Perry & Lennie often pop into Dalai’s cage for a change of scenery.

Lennie is the more frequent visitor & will be in & out, but Perry also visits & spends some time ‘chilling’.  Initially, they were wary of moving around the cage, almost like they were uncomfortable that Dalai was not there, but over time they have become more relaxed.

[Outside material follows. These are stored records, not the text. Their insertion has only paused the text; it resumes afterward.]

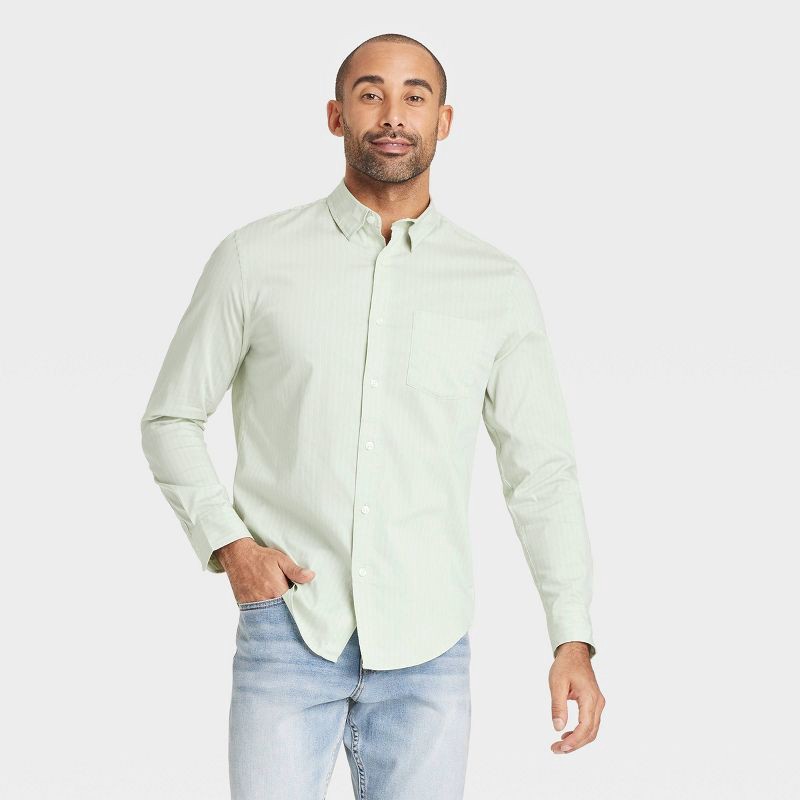 slide 1 of 3, Men's Comfort Wear Long Sleeve Shirt - Goodfellow & Co™ Green M: Stripe Pattern, Button Down, 1 ct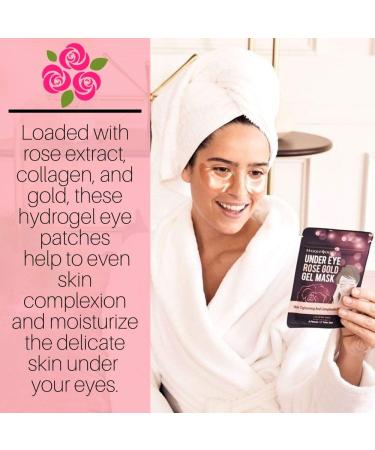 Masqueology Wild Rose Gold Hydro-Gel Under Eye Mask - Collagen Skincare Treatment (1 Pack) - Buy Online on GoSupps.com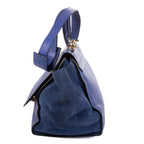 Celine Midi Trapeze Blue Calfskin Leather Shoulder Bag — view 3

That said, neither have dared to sit on Dalai’s perch at the back on the far right (a twig-like perch, diagonally across the corner).  Dalai did not allow them to sit on it.  Perry accepted this rule pretty quickly & did not bother to attempt to sit there.  Lennie wanted to sit next to Dalai on that perch, but the nearest he could get was to cling to the cage bars near the perch & if his luck was in, Dalai would go over & chat to him.  If Lennie was feeling particularly bold, he would tentatively climb onto the perch when Dalai was otherwise engaged at the seed trough, but he was on edge & never hung around there for longer than a minute.

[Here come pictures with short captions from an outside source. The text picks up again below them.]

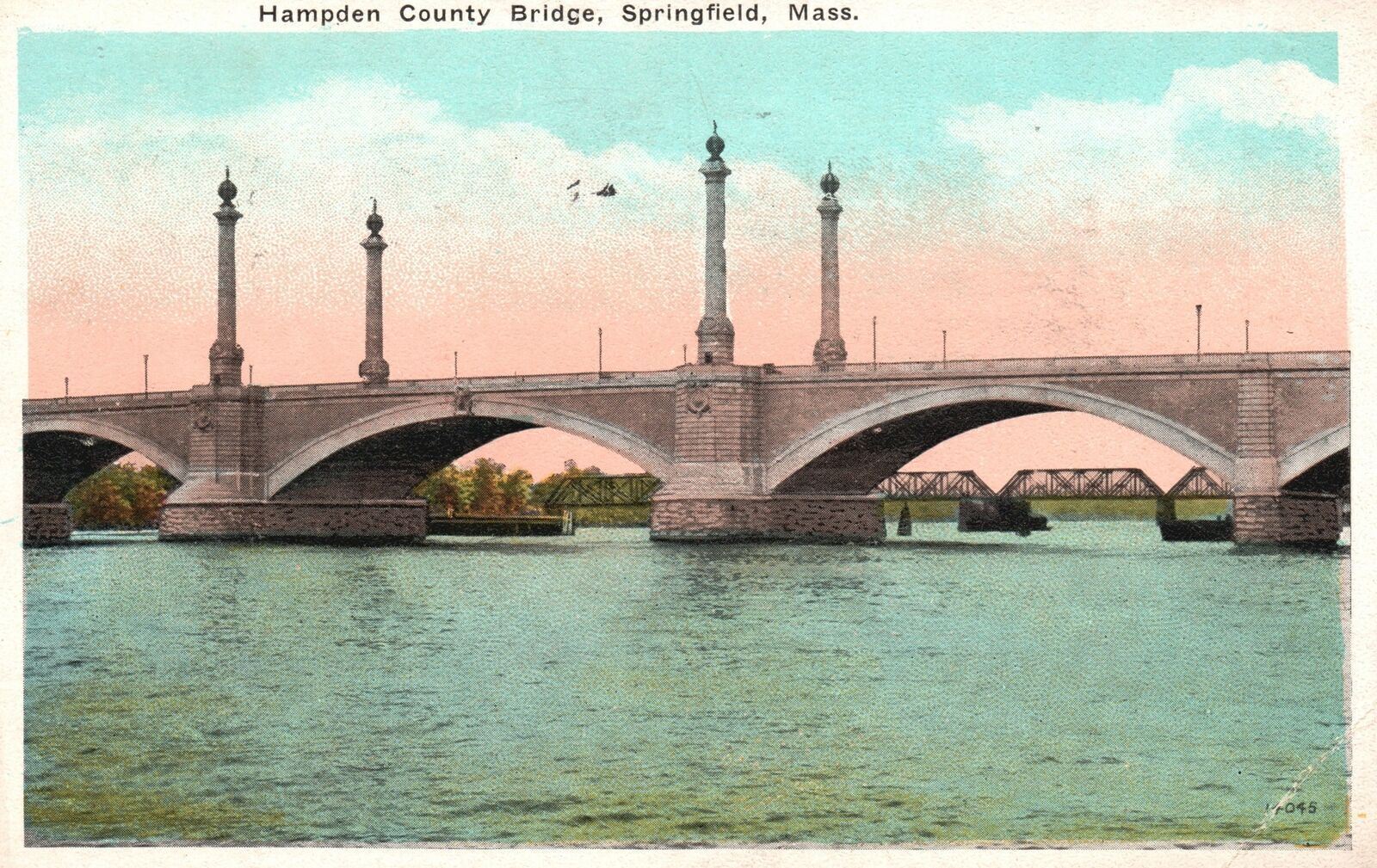 Vintage Postcard 1924 Hampden Country Bridge Springfield Massachusetts MA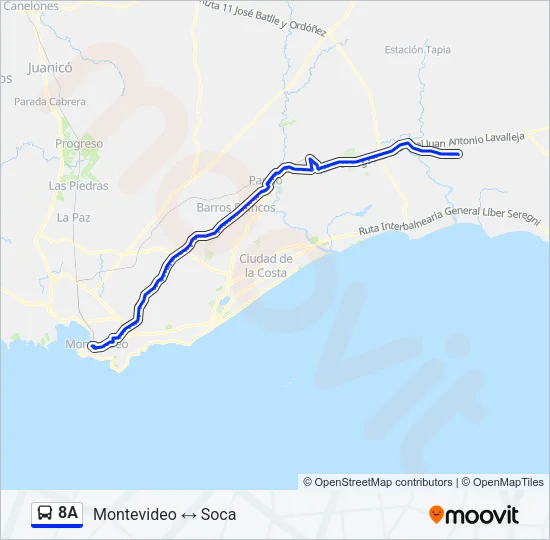 8A Ómnibus Line Map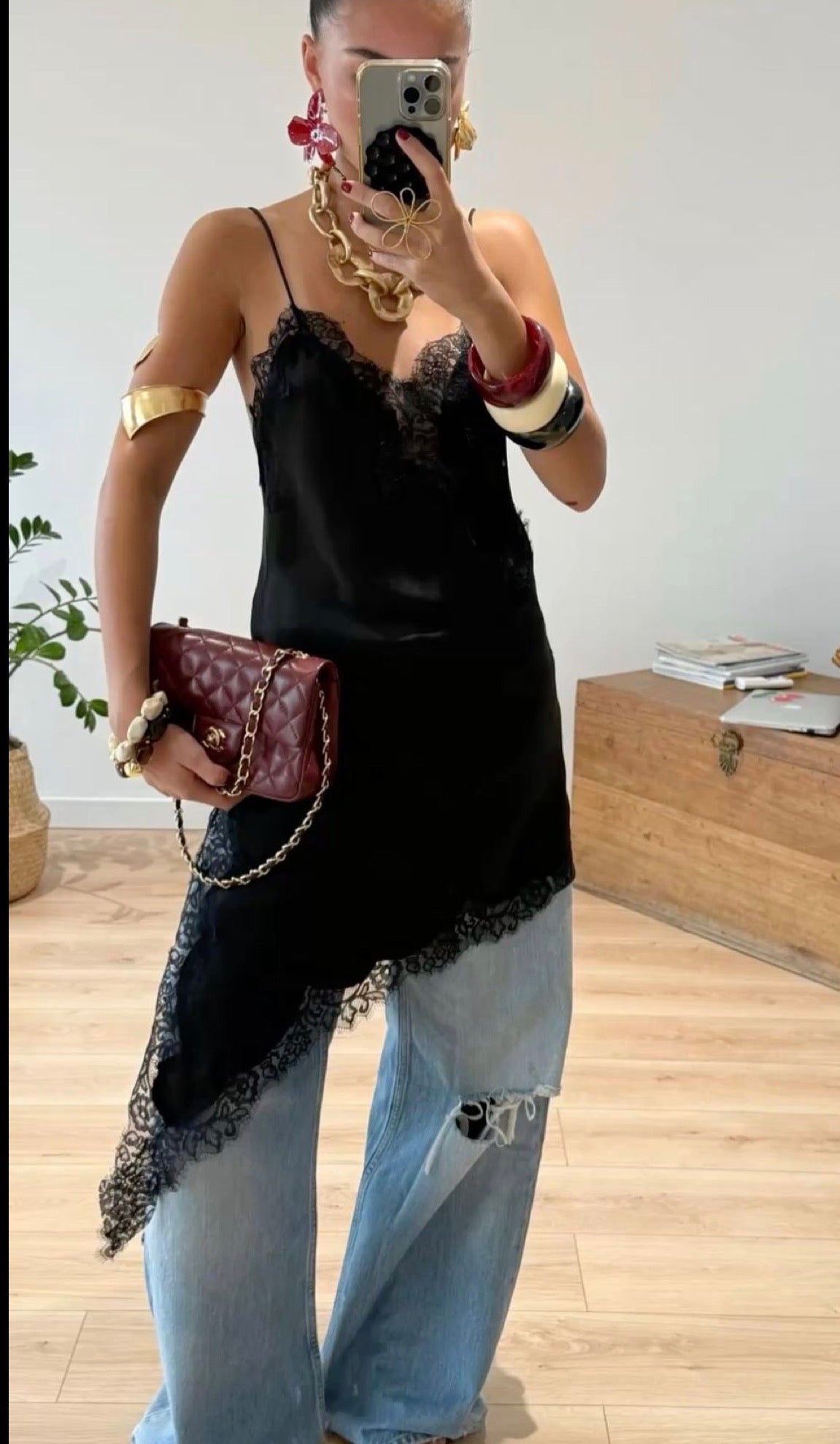 Velvet Lace Asymmetrical Dress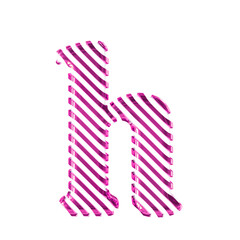 White symbol with purple diagonal ultra thin straps. letter h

(Incidentally, Bezukhov was allowed to sit on this perch, possibly because he lived in the cage before Dalai & it would have seemed churlish not to allow him!)

Even though Dalai is not here, Perry & Lennie still do not sit on Dalai’s perch.

Here is a rare moment when Perry sat on Dalai’s swing:

 

 

 

Lessons from the wild?

One day, towards the end of May, I noticed some unusual activity outside the window & when I took a closer look it seemed a baby blackbird was trying out short, circular flights from the tree, each time, making a wider circle.  (I later saw it on the grass, running up to mum & dad requesting food).  As I watched, I said aloud to Perry, that he should do that, to build flying confidence & when I turned to look at him, he came out the cage & had a little fly!  He made about 3 or 4 short flights between the cages, with one particular attempt circling out into the room, very much like the blackbird did from the tree.

Perry

 

Both Perry & Lennie have always noticed what goes on outside the window, so perhaps it is not too far fetched for me to think that Perry saw the young blackbird too & was inspired with its efforts.  (He definitely was not listening to me, as I have been telling him for ages to take short flights to build confidence!)

Perry’s little lump has caused some clumsiness &, I believe, lack of confidence in his flying.  He has always been a little on the lazy side regarding flying, but there is nothing wrong with his wings.  It was lovely to see him go further afield & it helped his confidence as later that day he flew from his cage to the landing platform on the far side of Dalai’s cage (almost to the playgym).

That same day, Lennie also ventured further than he has in a long time.  He was on the peg perch & decided to climb up, rather than down, & found himself on top of Dalai’s cage for the first time since Dalai’s passing.

Unfortunately, a big bird flew past the window which worried him, so he returned home quickly!